## Task instructions
What is needed is an exact transcription of the line with "Used 2018 Toyota" and all the lines that follow it in the entries below; add nothing else.

Items from a data source:
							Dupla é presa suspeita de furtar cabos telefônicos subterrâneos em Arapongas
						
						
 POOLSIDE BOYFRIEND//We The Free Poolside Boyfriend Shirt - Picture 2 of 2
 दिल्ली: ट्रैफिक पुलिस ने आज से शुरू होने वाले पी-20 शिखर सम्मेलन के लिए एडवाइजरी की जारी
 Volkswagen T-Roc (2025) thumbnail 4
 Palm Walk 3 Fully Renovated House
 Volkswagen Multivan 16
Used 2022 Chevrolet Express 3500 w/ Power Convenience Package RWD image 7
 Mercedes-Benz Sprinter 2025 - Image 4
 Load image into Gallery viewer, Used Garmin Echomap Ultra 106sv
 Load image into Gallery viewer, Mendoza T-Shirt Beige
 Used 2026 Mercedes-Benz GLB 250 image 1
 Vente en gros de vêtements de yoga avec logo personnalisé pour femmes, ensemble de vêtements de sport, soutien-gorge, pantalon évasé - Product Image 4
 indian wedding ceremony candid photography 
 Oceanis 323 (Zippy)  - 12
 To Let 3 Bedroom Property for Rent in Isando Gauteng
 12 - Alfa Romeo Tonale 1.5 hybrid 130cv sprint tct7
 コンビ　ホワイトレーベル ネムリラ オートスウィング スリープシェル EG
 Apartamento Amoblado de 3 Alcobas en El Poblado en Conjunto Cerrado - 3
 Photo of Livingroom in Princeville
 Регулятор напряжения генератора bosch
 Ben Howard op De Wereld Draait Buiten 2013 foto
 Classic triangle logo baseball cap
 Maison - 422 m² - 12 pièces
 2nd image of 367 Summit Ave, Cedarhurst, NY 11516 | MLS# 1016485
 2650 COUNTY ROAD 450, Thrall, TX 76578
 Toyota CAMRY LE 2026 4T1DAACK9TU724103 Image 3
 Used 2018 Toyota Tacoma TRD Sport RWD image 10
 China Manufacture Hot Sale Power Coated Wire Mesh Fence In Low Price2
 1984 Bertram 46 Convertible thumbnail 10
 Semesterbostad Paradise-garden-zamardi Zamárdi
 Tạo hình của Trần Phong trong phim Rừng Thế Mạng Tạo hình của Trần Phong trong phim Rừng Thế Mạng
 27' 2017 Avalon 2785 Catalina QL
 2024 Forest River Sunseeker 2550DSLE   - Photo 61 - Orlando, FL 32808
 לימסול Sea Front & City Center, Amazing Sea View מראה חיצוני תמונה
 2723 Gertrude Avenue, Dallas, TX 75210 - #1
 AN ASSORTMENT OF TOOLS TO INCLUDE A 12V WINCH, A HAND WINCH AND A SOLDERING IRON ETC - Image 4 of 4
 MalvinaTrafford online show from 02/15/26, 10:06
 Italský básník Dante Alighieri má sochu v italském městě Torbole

## Answer to the exercise
 Used 2018 Toyota Tacoma TRD Sport RWD image 10
 China Manufacture Hot Sale Power Coated Wire Mesh Fence In Low Price2
 1984 Bertram 46 Convertible thumbnail 10
 Semesterbostad Paradise-garden-zamardi Zamárdi
 Tạo hình của Trần Phong trong phim Rừng Thế Mạng Tạo hình của Trần Phong trong phim Rừng Thế Mạng
 27' 2017 Avalon 2785 Catalina QL
 2024 Forest River Sunseeker 2550DSLE   - Photo 61 - Orlando, FL 32808
 לימסול Sea Front & City Center, Amazing Sea View מראה חיצוני תמונה
 2723 Gertrude Avenue, Dallas, TX 75210 - #1
 AN ASSORTMENT OF TOOLS TO INCLUDE A 12V WINCH, A HAND WINCH AND A SOLDERING IRON ETC - Image 4 of 4
 MalvinaTrafford online show from 02/15/26, 10:06
 Italský básník Dante Alighieri má sochu v italském městě Torbole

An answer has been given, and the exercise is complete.